Eric Mogambi, 24, could not stop talking about the birth process of his newborn son Ray Ibrahim, and the fact that he witnessed the delivery. He recalls the moment:

“I was with my wife throughout the labour — which lasted close to 10 hours. Even though it was a long and anxious wait, it was one that I gladly endured. The highlight was when I welcomed my son into the world, being the first person to hold him and even cutting the umbilical cord. It was such a joyous moment,” a proud Mogambi says.

But Mogambi’s close involvement in the life of his son did not start that day.

“When my wife missed her periods and began complaining of nausea, I quickly rushed to the chemist and bought a pregnancy test kit. We were both elated as we watched the test kit yield positive results,” he remembers.

Mogambi then accompanied his wife for her first antenatal visit and continued to do so throughout her pregnancy. This they did at a local private health center called Fremo, located in their Kawangware neighbourhood in Nairobi.

Aside from accompanying his wife for prenatal checkups, Mogambi would also assist her with household chores as the pregnancy advanced.

“I would cook, clean the house and do the laundry when I returned home from work. Since she particularly craved ugali and green vegetables, I would prepare them just the way she liked them,” says the security officer.

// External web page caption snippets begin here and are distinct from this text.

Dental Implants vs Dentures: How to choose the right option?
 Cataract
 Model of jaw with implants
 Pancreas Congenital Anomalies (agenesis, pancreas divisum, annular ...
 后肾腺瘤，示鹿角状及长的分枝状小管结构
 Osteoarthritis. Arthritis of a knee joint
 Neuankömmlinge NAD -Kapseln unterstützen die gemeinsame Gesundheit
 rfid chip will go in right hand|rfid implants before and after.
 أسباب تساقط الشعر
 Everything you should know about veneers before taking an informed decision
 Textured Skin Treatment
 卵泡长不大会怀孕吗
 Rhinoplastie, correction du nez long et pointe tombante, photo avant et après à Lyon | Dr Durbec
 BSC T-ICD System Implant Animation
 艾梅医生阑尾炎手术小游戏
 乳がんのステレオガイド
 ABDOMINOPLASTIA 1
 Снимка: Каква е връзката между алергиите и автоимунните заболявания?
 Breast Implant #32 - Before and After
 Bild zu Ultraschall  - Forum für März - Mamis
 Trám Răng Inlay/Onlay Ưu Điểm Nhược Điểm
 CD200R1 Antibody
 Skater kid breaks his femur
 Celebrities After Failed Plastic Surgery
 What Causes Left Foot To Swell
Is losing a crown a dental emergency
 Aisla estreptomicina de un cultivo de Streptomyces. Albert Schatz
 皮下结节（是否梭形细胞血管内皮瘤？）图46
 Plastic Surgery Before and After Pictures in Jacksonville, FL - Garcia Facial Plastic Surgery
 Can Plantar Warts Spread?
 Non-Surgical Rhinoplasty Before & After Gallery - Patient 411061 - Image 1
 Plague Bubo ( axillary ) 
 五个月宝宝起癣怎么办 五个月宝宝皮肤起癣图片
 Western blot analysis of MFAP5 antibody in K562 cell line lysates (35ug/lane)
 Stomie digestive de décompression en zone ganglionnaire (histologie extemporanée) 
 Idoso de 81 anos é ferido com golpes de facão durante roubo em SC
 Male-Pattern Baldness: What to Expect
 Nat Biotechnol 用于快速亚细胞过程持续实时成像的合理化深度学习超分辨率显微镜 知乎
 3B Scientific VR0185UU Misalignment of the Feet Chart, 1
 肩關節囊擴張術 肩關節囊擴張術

So it was therefore only natural that when she went into labour, Mogambi was by her side as they ushered their son into the world.

Interestingly, while growing up in a rural village in Birongo, Kisii county, Mogambi always knew that matters to do with reproductive health were solely a woman’s responsibility. In a predominantly male society, Mogambi had never heard of a man who involved himself in matters of pregnancy and childbirth. So what happened with him?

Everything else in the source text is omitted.